- [Data for this exercise]

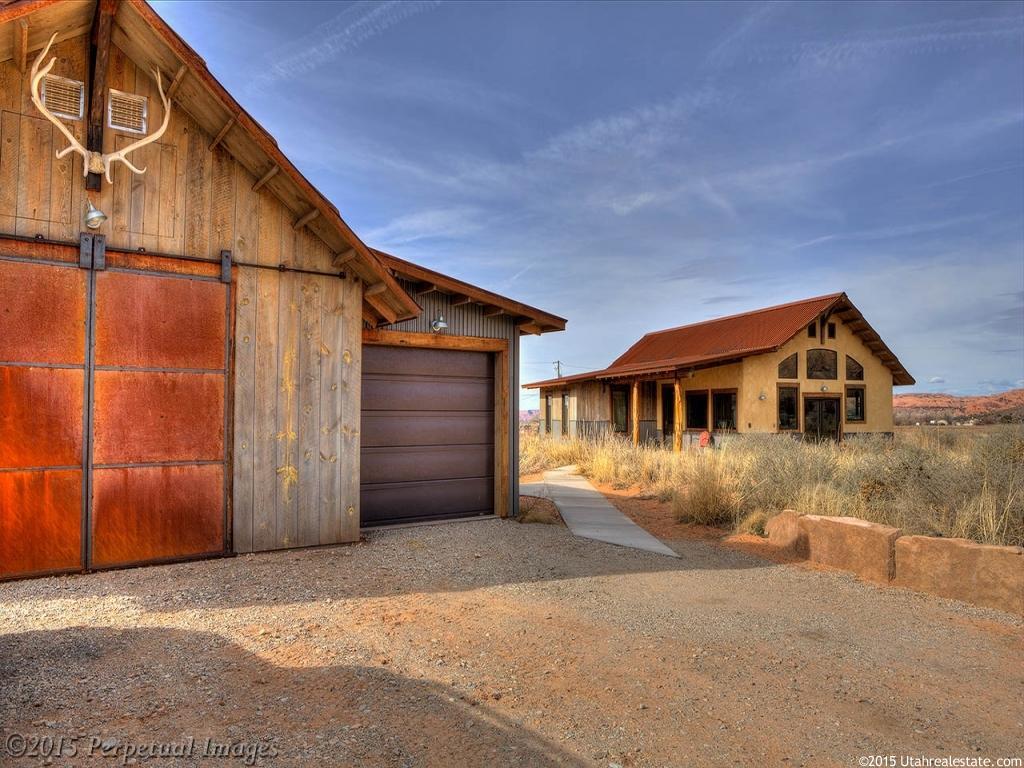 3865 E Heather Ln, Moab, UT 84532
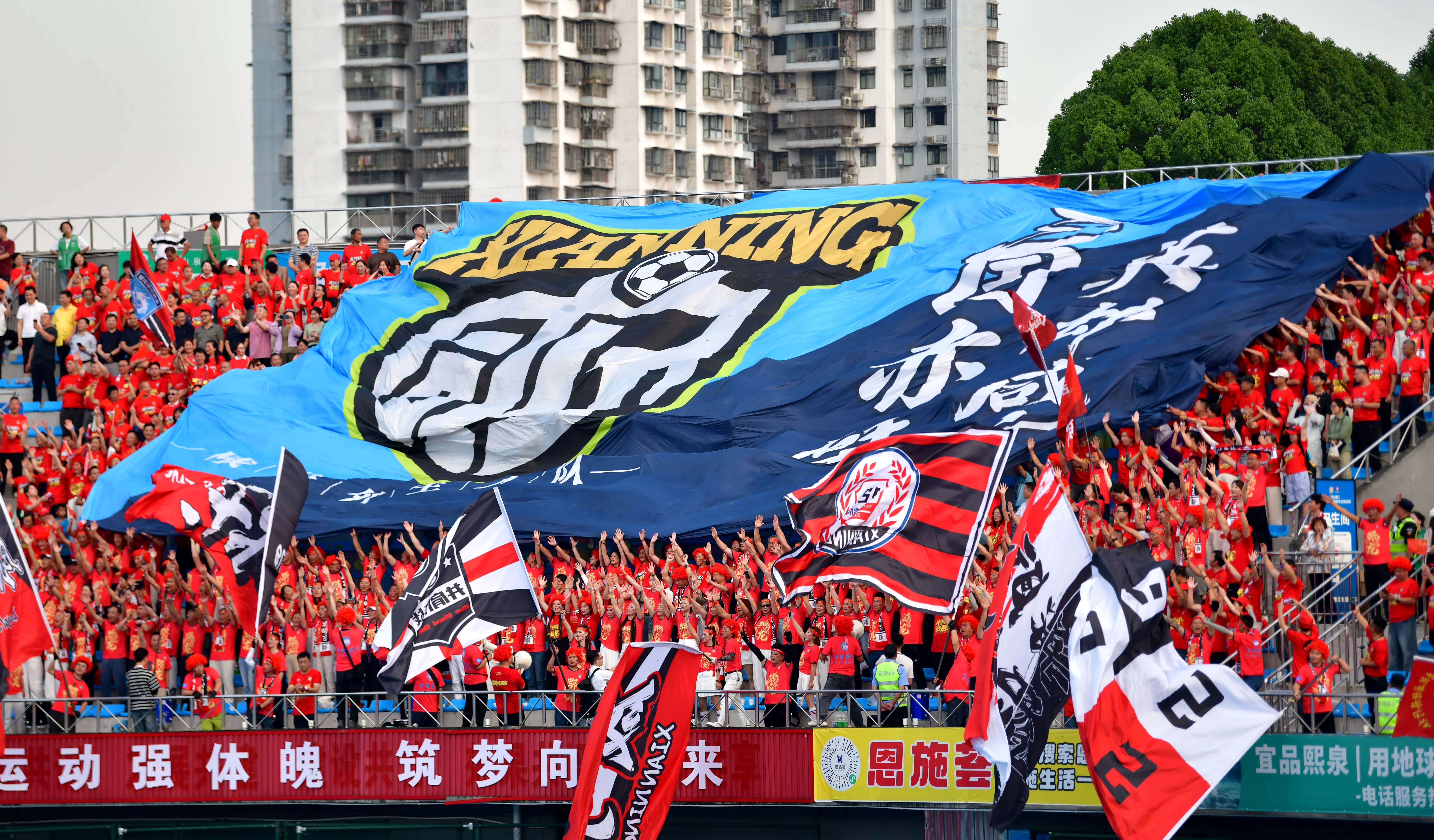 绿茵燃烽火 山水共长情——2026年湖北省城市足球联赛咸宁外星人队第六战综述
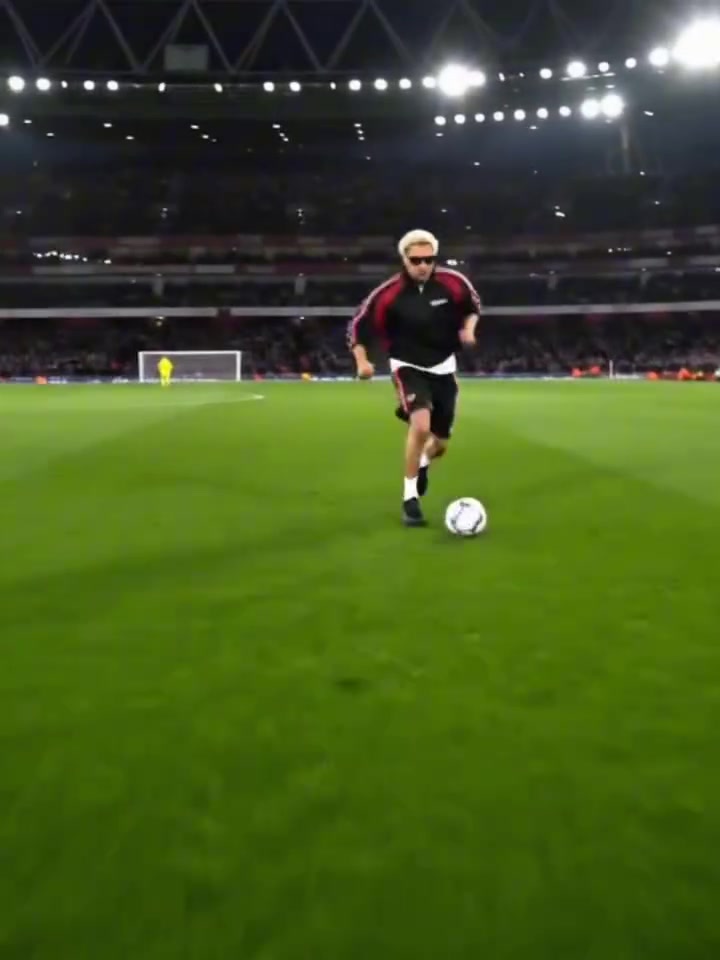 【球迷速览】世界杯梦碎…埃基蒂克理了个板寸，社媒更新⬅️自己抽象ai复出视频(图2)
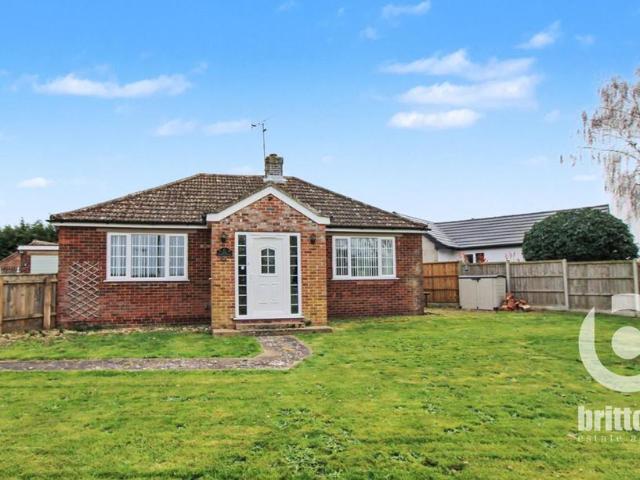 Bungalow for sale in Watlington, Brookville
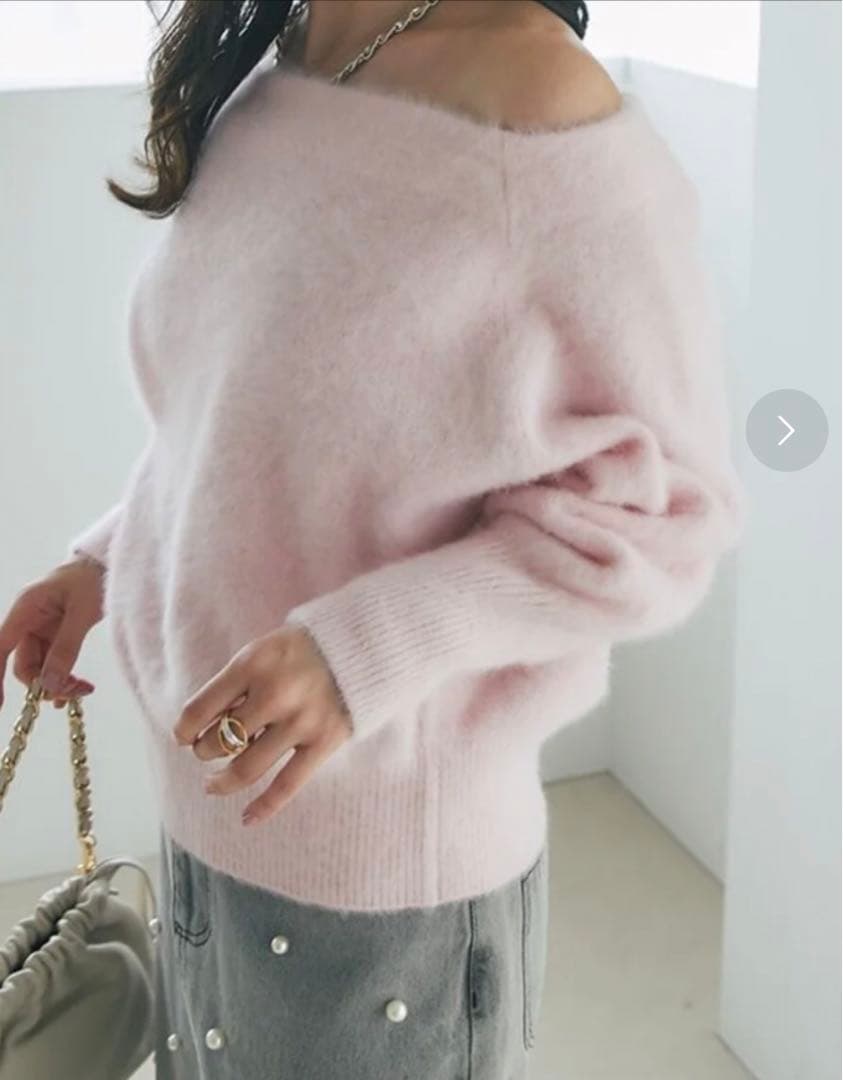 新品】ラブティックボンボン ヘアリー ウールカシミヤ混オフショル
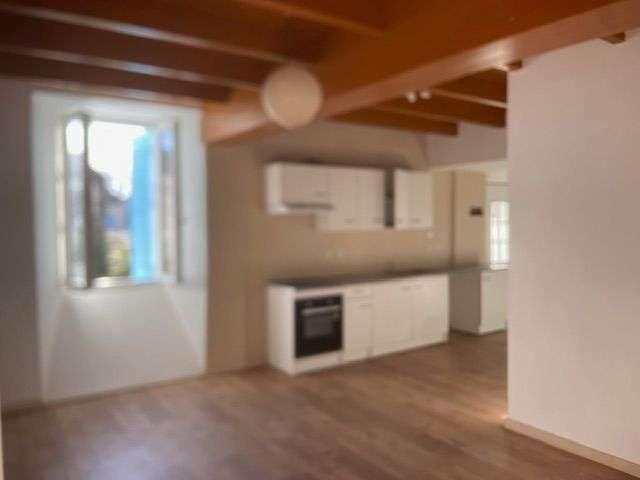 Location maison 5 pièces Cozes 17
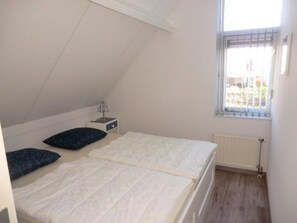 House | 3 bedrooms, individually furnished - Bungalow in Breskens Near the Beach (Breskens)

- [Problem details]
Please return the full listing word for word, but without any pictures.

- [Output for this exercise]
 3865 E Heather Ln, Moab, UT 84532
 绿茵燃烽火 山水共长情——2026年湖北省城市足球联赛咸宁外星人队第六战综述
 【球迷速览】世界杯梦碎…埃基蒂克理了个板寸，社媒更新⬅️自己抽象ai复出视频(图2)
 Bungalow for sale in Watlington, Brookville
 新品】ラブティックボンボン ヘアリー ウールカシミヤ混オフショル
 Location maison 5 pièces Cozes 17
 House | 3 bedrooms, individually furnished - Bungalow in Breskens Near the Beach (Breskens)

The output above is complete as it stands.